Indications, equipment, and nursing care
- ETCO2 monitoring can depict early warning signs of clinical deterioration to the healthcare professional, as it correlates with cardiac output and pulmonary blood flow.
- Capnography incorporates respiratory rate and exhaled CO2 values, which helps clinicians detect early warning signs of ventilatory compromise prior to pulse oximetry readings.

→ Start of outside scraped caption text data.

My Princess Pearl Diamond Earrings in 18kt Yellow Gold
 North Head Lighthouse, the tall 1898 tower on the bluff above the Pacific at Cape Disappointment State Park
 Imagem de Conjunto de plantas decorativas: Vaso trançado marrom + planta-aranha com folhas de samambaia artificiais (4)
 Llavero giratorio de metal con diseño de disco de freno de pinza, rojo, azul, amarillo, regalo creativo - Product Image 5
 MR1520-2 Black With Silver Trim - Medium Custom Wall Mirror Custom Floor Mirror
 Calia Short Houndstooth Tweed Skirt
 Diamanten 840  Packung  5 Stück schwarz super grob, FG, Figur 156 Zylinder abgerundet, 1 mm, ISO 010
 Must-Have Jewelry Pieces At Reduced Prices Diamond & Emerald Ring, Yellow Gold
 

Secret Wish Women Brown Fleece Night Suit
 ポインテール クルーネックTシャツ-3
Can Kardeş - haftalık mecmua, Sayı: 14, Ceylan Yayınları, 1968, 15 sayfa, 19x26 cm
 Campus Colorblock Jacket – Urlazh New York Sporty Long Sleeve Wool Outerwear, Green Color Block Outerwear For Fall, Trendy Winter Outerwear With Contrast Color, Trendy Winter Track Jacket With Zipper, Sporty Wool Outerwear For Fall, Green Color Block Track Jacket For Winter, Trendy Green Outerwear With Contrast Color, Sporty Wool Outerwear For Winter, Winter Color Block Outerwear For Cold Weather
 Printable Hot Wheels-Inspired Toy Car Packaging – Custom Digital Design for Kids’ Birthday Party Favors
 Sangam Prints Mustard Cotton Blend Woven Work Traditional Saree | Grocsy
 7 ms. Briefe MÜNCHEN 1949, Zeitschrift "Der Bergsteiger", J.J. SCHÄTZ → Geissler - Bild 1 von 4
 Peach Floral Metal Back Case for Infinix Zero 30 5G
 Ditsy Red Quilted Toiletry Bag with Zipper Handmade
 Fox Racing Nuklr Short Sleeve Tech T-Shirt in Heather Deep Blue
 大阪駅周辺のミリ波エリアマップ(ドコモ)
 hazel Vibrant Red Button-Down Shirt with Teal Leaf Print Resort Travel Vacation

- Explain various clinical scenarios where end-tidal CO2 (ETCO2) monitoring is crucial.
- Recognize the advantages of ETCO2 monitoring over pulse oximetry.
- Understand the limitations of ETCO2 monitoring and the importance of other monitoring techniques such as arterial blood gas analysis.
No relevant financial relationships were identified for any individuals with the ability to control content of the activity.
Expiration: 9/1/27
End-tidal carbon dioxide (ETCO2) monitoring, noninvasive measurement of exhaled CO2, provides valuable insight into a patient’s metabolism (production of CO2 as a byproduct of cellular metabolism), perfusion (transport of CO2 into the lungs), and ventilation (expulsion of CO2 via the respiratory system). ETCO2 can be a numerical value (capnometry), or when coupled with a patient’s respiratory rate, a graphical-numerical value (capnography). ETCO2 represents the partial pressure of CO2 within arterial and venous blood, which serves as an important marker of alveolar ventilation. As a result, ETCO2 monitoring can aid early detection of clinical deterioration related to cardiac output and pulmonary blood flow.
Continuous-waveform capnography: A crucial tool for ED clinicians
Understanding end-tidal CO2 monitoring
The why
Clinical use of capnography began in the 1950s when capnograph monitors became available via modern infrared technology. Advances in ETCO2 continuous monitoring technology over the past 70 years have made capnography a key vital sign component to ensure patient safety during anesthesia. The American Society of Anesthesiologists endorses capnography as a standard of care for general anesthesia as well as moderate and deep procedural sedation.
By incorporating a patient’s respiratory rate and exhaled CO2 values, capnography helps clinicians detect early warning signs of ventilatory compromise earlier than pulse oximetry readings (blood oxygen saturation levels). For this reason, other specialties outside of the operating room—critical care, toxicology, emergency medicine—should use ETCO2 capnography monitoring as a standard of care.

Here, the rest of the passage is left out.